Application security is vitally important for every software project, especially so for security projects. This is why the validation process for QRadar app submissions go through a secure engineering review. As a member of the secure development team, this blog post will hopefully give you (the app developer) some insight regarding what to expect during our app validation process. Keep in mind most QRadar apps are based in Python using the flask framework, so the basis for most of the examples will be based on Python and Flask. If you have chosen to use a different technology stack, the concepts outlined in this guide will still be useful, but you’ll have to modify the examples to fit your needs.

Keep in mind there is no one size fits all solution for security, nor is there any tool that can detect all issues. One of the best tools for secure engineering is simply knowing that these problems exist and that you should be worried about them.

 

How to prevent app submissions from being rejected

Each application undergoes an individual security review as part of the submission process. The tips and discussion in this article are intended to guide users to the types of items we review and take questions about frequently to reduce the chance of an app submissions from being rejected based off of common issues.

As mentioned, all submitted apps for QRadar on the X-Force App Exchange go through a security review. Our job is to review apps for issues and notify developers when an app fails the secure app validation process.  This blog post include examples of common issues seen with app submissions that are insecure. Fortunately, many of these issue have some simple fixes and these examples will assist you with writing secure apps and outlines the items reviewed during app validation.

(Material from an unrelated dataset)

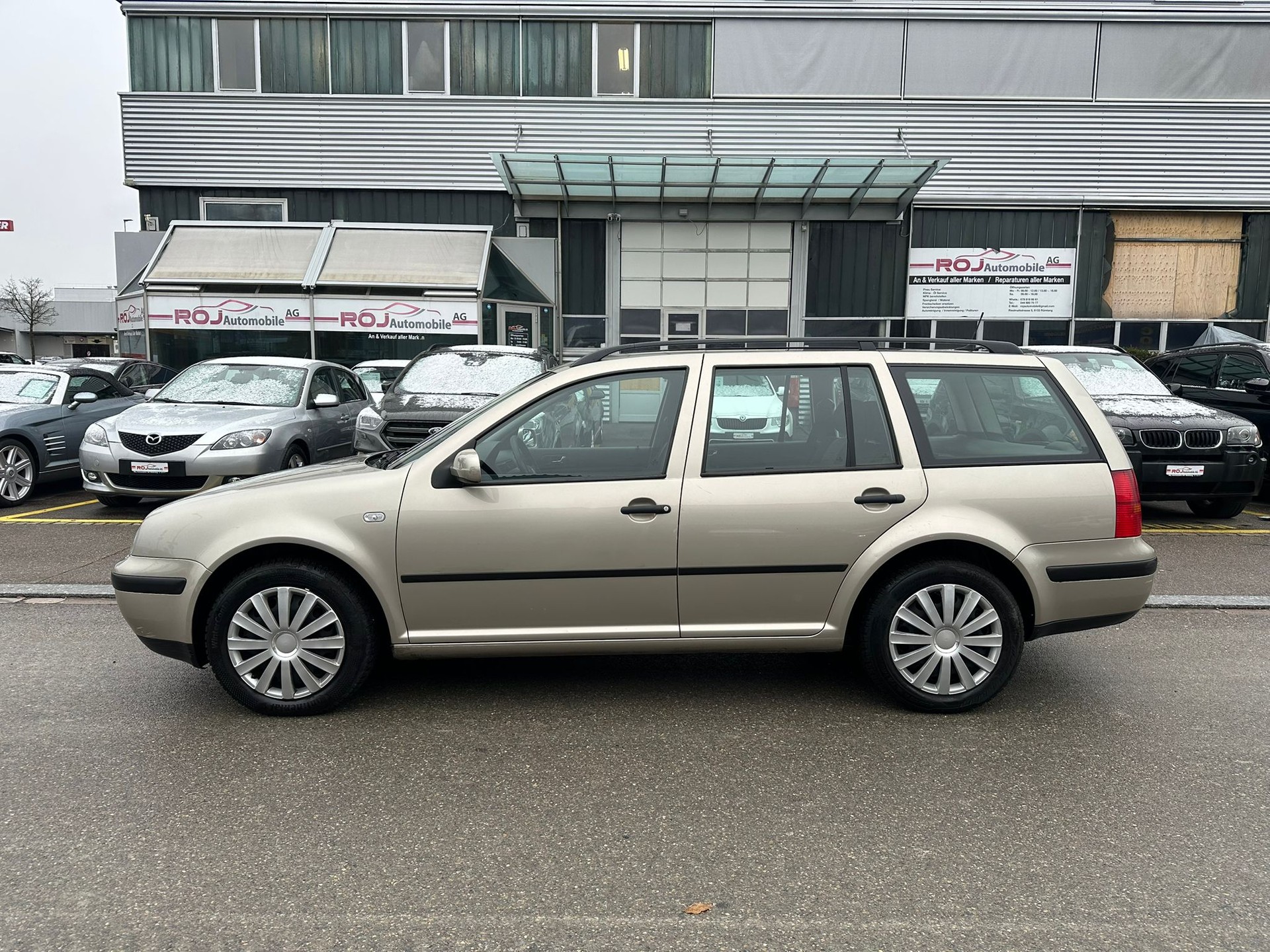 VW Golf Variant 1.6 Comfortline Automatic-image-0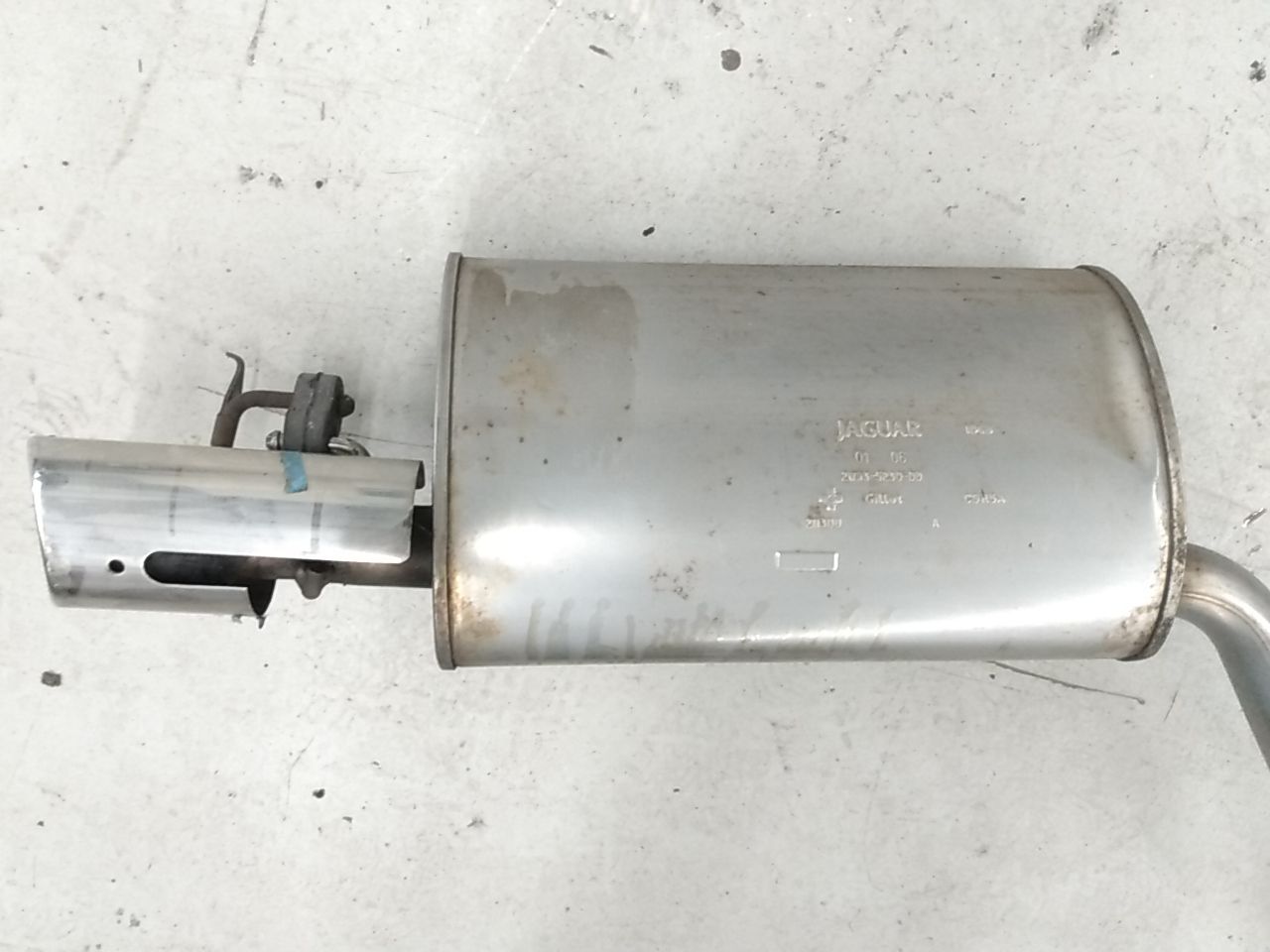 Jaguar XJ8L Right Rear Muffler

1. SQL Injection (SQLi) in your QRadar App

SQL injection is the number one issue we see when validating security in apps. Ff you don’t know why this statement is bad, then you should go read this OWASP article, or watch this video by Computerphile (YouTube). This attack gives the power to a malicious actor to do almost anything to your database.

# Do NOT do it this way.
cmd = "update people set name='%s' where id='%s'" % (name, id) curs.execute(cmd)
#OR
cmd = "update people set name="+name+" where id="+id curs.execute(cmd)

In general, you should always use parametrized SQL statements (sometimes called prepared statements). Building your query in risky ways, such as string formatting or concatenation above will leave you open to SQL injection attacks when the variables contain untrusted input. Even if you know a given variable comes from somewhere you consider to be safe, keep in mind that in the future that same variable may become user editable, or if you have written reusable code, someone may call your function with unsafe data.

For that reason, it is best practice to always use parametrized SQL statements. The added benefit for app validation is when I see safe parametrized SQL, it is an easy pass. When unsafe query construction is used I must spend time backing through the source code to determine if it is exploitable or not.

There is a form post with more examples and implementation details:https://developer.ibm.com/answers/questions/417797/how-to-prevent-sql-injection-in-an-app/

SQL Injection recap:

  • Use parametrized (prepared) SQL statements for user data input
  • For dynamic query building (instructions) use a whitelist approach to set
  • Treat all data as untrusted, even if it is trusted now it might not always be, and it makes validation quicker.

2. Cross Site Scripting (XSS) in a QRadar App

Speaking of untrusted data, another very common issue is cross site scripting. Kind of like SQLi, this is caused when the data and instructions get mixed together. OWASP and Computerphile (YouTube) do a great job at explaining these injection attacks. In short, XSS attacks allow a malicious user to inject their own JavaScript into your page and complete nefarious actions.

While the fix for XSS is still quite easy, it’s not quite as cut and dry as SQLi prevention. I’ll highlight some key points, but reading more into OWASP’s XSS Prevention guide is well worth it.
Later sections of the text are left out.